--- Data segment Enclosed Below ---
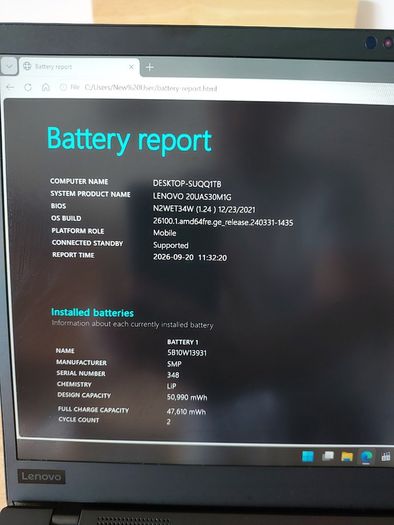 Lenovo ThinkPad X1 Carbon Gen 8 | 10th Gen | Core i5 10310U  | 16gb Ram | 256GB NVMe | 14" | Windows 11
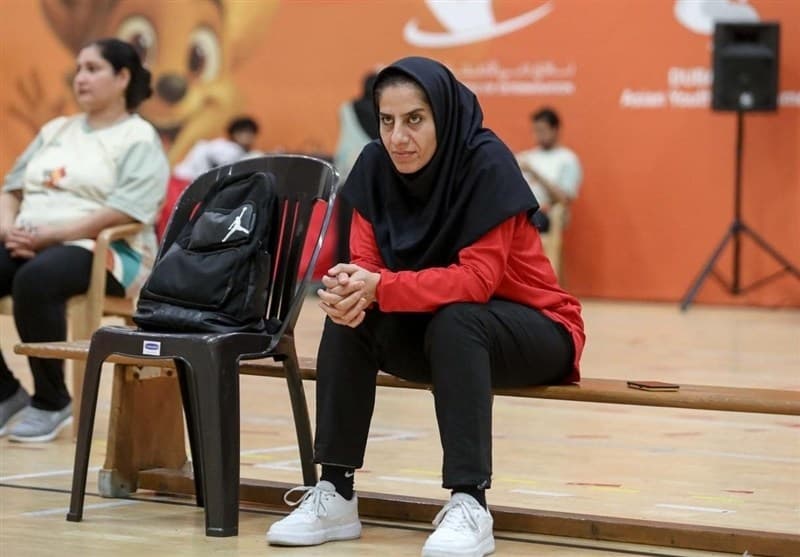 همایون‌پور: امیدوارم بسکتبال با ویلچر بانوان در ناگویا مدال بگیرد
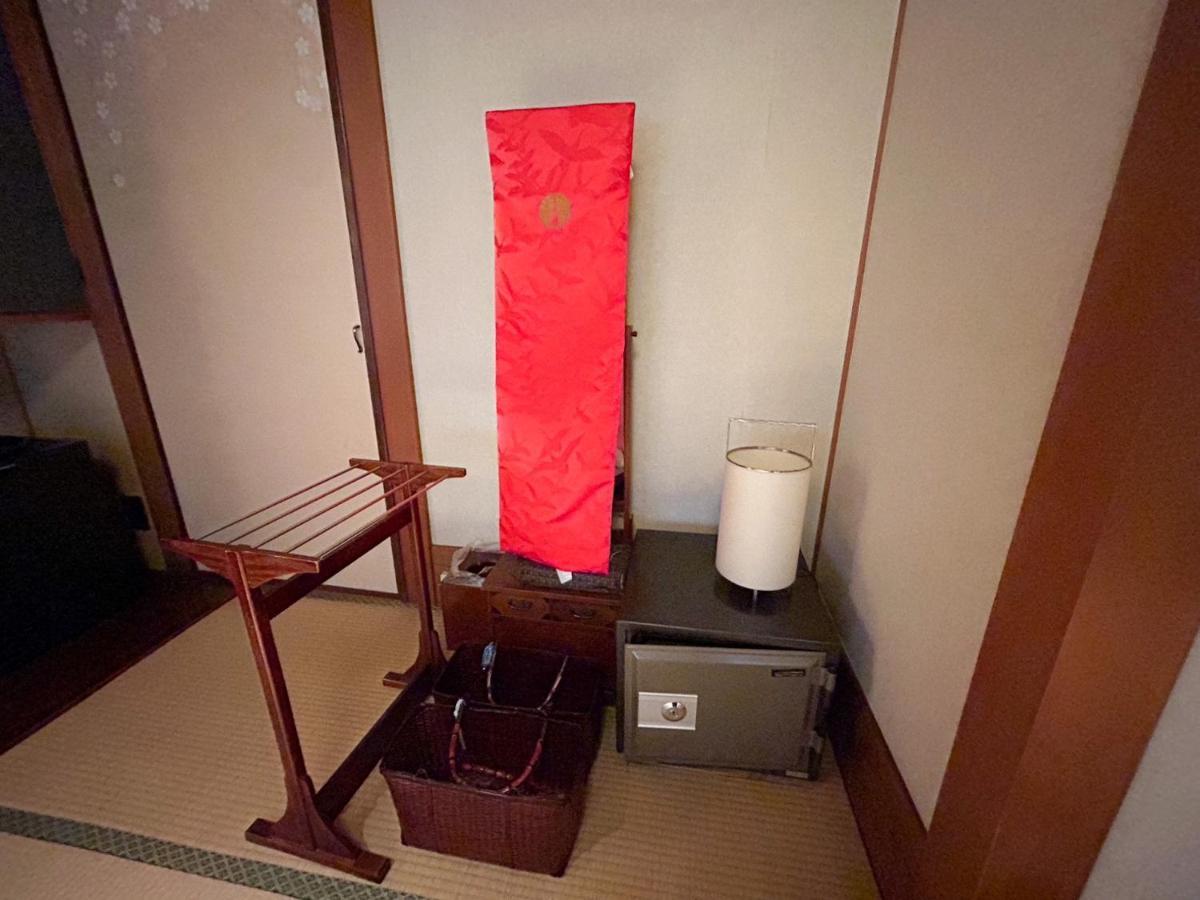 Sangai Ryokan Gotsu Zewnętrze zdjęcie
--- End of Enclosed Data segment ---
▶ [Directions] Every line above should be output exactly, except for the pictures.

▶ [Result below]
 Lenovo ThinkPad X1 Carbon Gen 8 | 10th Gen | Core i5 10310U  | 16gb Ram | 256GB NVMe | 14" | Windows 11
 همایون‌پور: امیدوارم بسکتبال با ویلچر بانوان در ناگویا مدال بگیرد
 Sangai Ryokan Gotsu Zewnętrze zdjęcie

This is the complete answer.